Task to complete: Among the lines below, take the one holding "So let's start", the one holding "Hello guys, my", and all lines between them. Set them down exactly.
Available data Block Start
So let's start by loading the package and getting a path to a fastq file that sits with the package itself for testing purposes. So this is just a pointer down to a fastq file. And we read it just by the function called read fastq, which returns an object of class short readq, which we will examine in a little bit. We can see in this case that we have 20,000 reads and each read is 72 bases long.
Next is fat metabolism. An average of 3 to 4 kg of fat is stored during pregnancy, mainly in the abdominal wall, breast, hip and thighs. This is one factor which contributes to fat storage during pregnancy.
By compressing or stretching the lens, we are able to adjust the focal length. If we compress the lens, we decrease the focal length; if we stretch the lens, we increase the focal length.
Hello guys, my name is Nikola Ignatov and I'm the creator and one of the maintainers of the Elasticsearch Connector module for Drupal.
Available data Block End
Available data Block Start
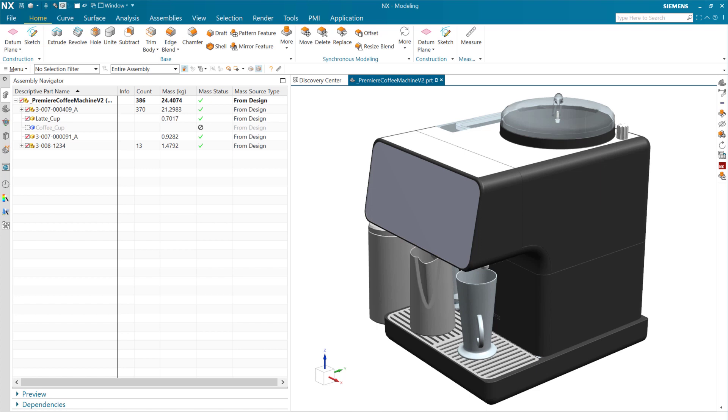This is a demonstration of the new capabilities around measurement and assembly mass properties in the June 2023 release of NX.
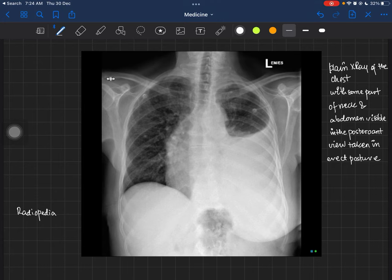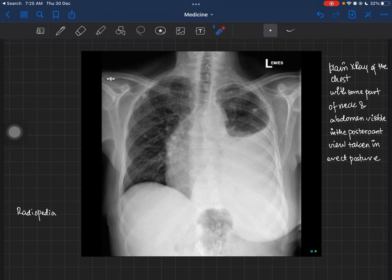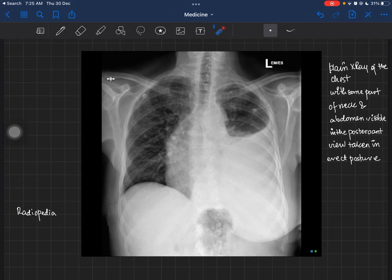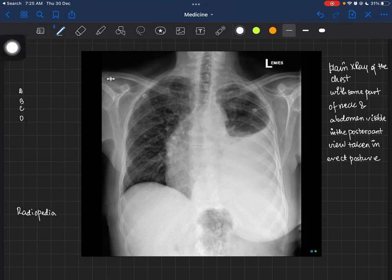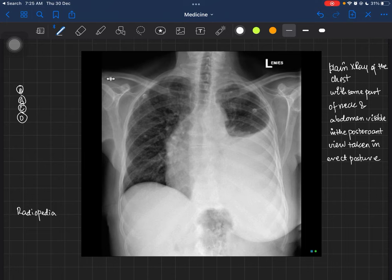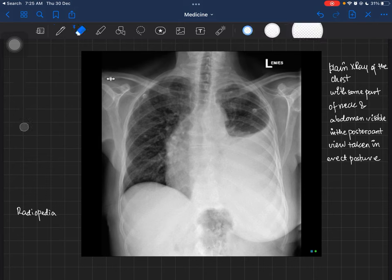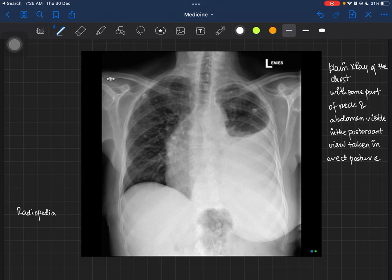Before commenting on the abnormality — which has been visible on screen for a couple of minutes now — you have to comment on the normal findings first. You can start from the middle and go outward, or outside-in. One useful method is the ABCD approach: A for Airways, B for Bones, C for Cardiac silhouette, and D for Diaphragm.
Available data Block End
Available data Block Start
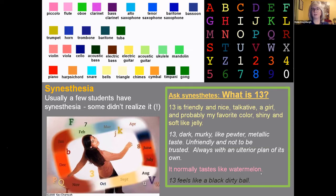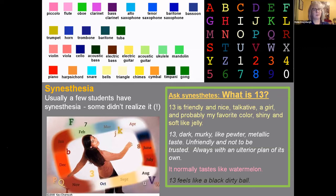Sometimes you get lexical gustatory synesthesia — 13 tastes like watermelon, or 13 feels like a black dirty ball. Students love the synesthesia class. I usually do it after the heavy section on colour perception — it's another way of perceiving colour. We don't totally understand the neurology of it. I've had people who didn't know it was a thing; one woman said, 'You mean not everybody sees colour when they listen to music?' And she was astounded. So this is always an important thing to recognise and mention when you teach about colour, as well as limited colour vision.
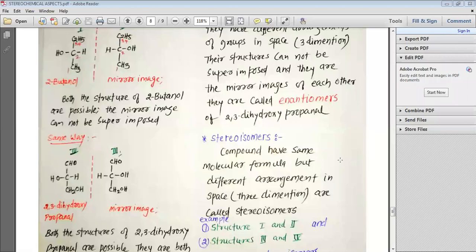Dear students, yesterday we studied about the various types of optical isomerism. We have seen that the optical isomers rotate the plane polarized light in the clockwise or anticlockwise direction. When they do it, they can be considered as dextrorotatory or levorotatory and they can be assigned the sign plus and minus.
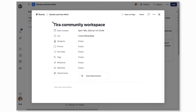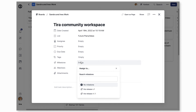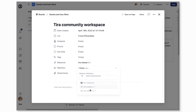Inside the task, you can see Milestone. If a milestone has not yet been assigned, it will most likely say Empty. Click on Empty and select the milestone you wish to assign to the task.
Available data Block End
Result of the task:
So let's start by loading the package and getting a path to a fastq file that sits with the package itself for testing purposes. So this is just a pointer down to a fastq file. And we read it just by the function called read fastq, which returns an object of class short readq, which we will examine in a little bit. We can see in this case that we have 20,000 reads and each read is 72 bases long.
Next is fat metabolism. An average of 3 to 4 kg of fat is stored during pregnancy, mainly in the abdominal wall, breast, hip and thighs. This is one factor which contributes to fat storage during pregnancy.
By compressing or stretching the lens, we are able to adjust the focal length. If we compress the lens, we decrease the focal length; if we stretch the lens, we increase the focal length.
Hello guys, my name is Nikola Ignatov and I'm the creator and one of the maintainers of the Elasticsearch Connector module for Drupal.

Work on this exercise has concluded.